Heute ist der 9.06.2026 und die Welt der Finanztechnologie steht vor einem gewaltigen Umbruch. Edwin Mata, CEO von Brickken, hat in einem Interview mit CoinDesk gewagt, eine kühne Prognose abzugeben: Wall Street könnte bis 2030 ausschließlich auf Blockchain-Technologie basieren. Mata, der Gründer einer in Spanien ansässigen Tokenisierungsplattform, sieht die Integration von Blockchain in die Finanzwelt nicht nur als eine technische Revolution, sondern auch als einen Wandel in der Denkweise der Banken und Finanzinstitute. Begriffe wie „Web3“ scheinen dabei in den Hintergrund zu rücken, während Banken die Blockchain für Abwicklungen und Zahlungen nutzen. Das ist schon spannend, oder? Die Zukunft wird weniger von Diskussionen über Blockchain geprägt sein, sondern vielmehr von der praktischen Anwendung in der FinTech-Welt.

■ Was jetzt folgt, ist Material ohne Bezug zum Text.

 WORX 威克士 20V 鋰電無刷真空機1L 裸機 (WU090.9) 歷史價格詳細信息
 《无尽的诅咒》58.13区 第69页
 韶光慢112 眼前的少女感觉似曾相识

Ein weiterer interessanter Punkt, den Mata anspricht, ist die Automatisierung durch Software. Er glaubt, dass die nächste Stufe der Tokenisierung von Software und nicht mehr von menschlichem Eingreifen angetrieben wird. Brickken integriert bereits KI-Agenten, um die Asset-Onboarding-Prozesse und die Beschaffung von Liquidität für seine 200 Kunden zu automatisieren. Das klingt fast wie Science-Fiction! Simple Chat-Prompts könnten bald die traditionellen Software-Dashboards ersetzen. Was für eine interessante Vorstellung!

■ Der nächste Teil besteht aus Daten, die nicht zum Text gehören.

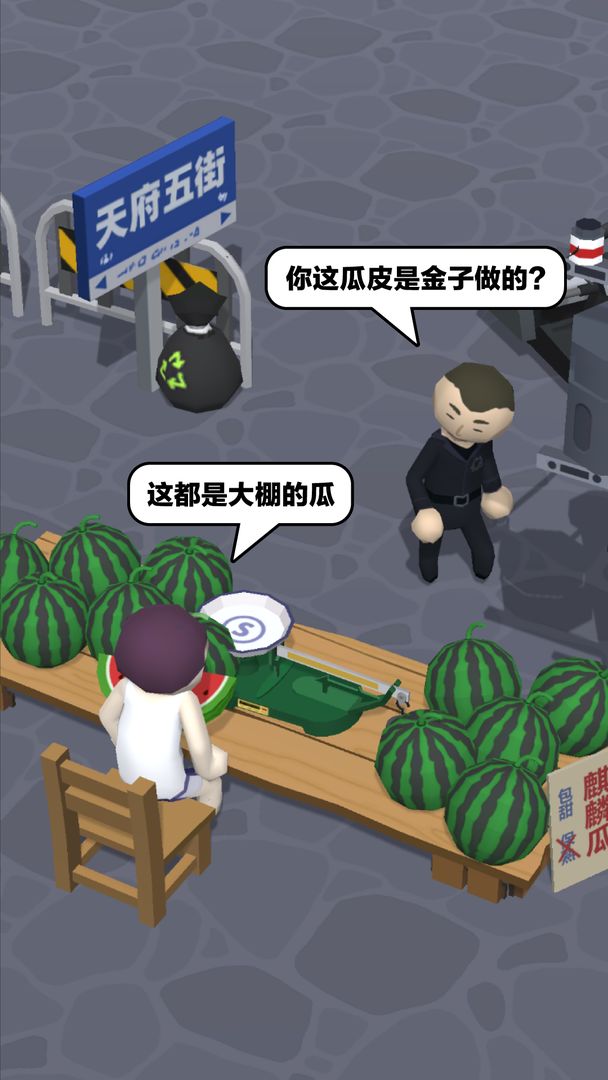 西瓜摊主大战买瓜人  v1.0图3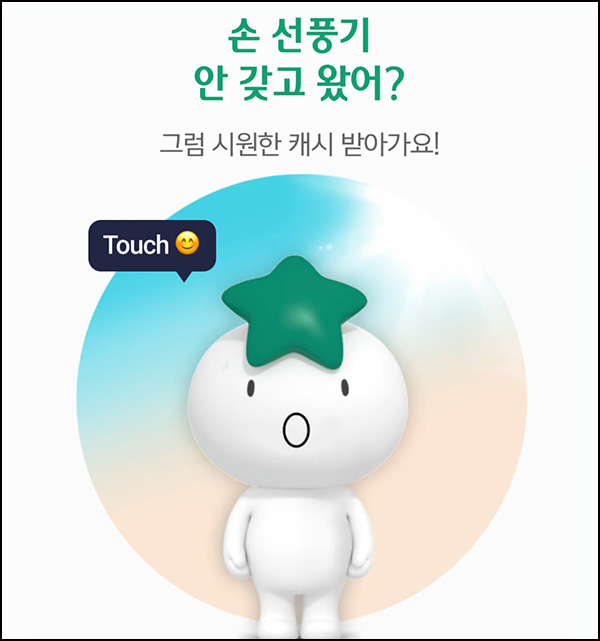 하나원큐 랜덤 캐시 뽑기(랜덤 캐시)즉당~07.09 하나원큐 랜덤 캐시 뽑기(랜덤 캐시)즉당~07.09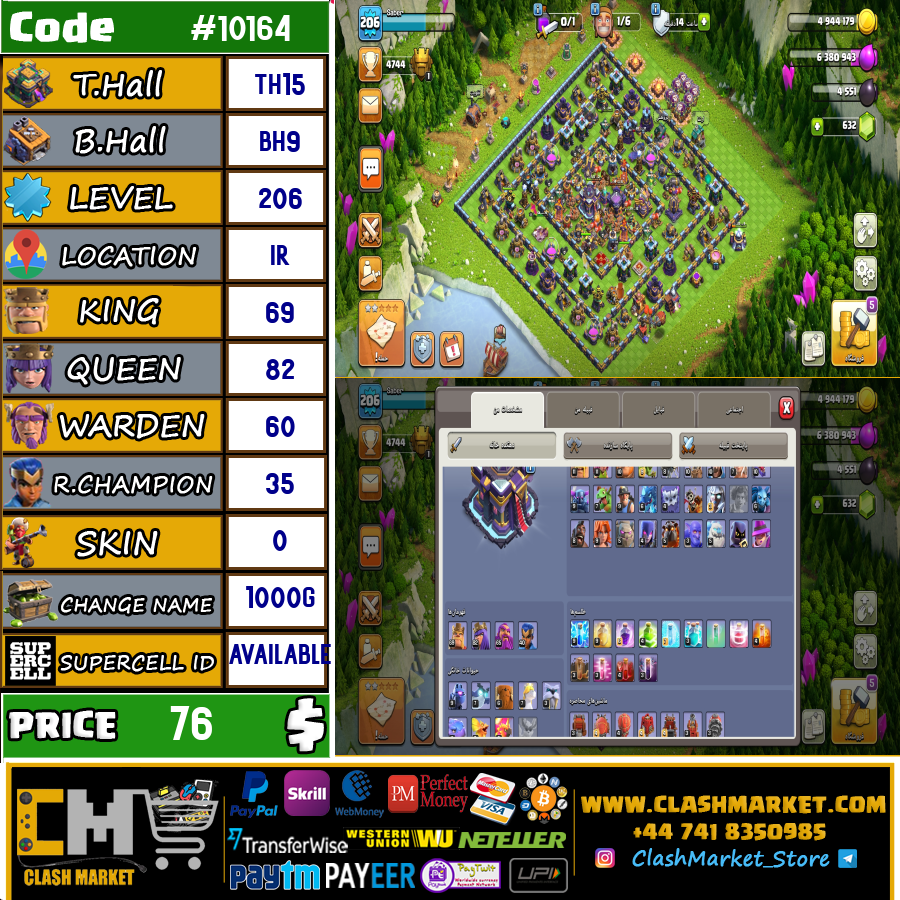 Buy Clash of clans Account TH15 Supercell ID Available Code 10164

Regulatorische Hürden und Marktentwicklungen

Doch nicht alles ist rosig. Mata kritisiert die EU-Verordnung über Märkte für Krypto-Assets (MiCA), da diese seiner Meinung nach Startups benachteiligt und die größeren Banken begünstigt. Die Beantragung einer Lizenz kann bis zu neun Monate in Anspruch nehmen – eine frustrierende Wartezeit, die für viele Startups problematisch sein kann. Interessanterweise wird das MiCA-Framework nach zwei Jahren neu bewertet, basierend auf dem Feedback der Öffentlichkeit und Institutionen. Die Entwicklungen in den USA sind ebenfalls bemerkenswert: Große Banken arbeiten an einem gemeinsamen Netzwerk für tokenisierte Einlagen, was einen spürbaren Wandel von Stablecoins hin zu tokenisierten Einlagen signalisiert.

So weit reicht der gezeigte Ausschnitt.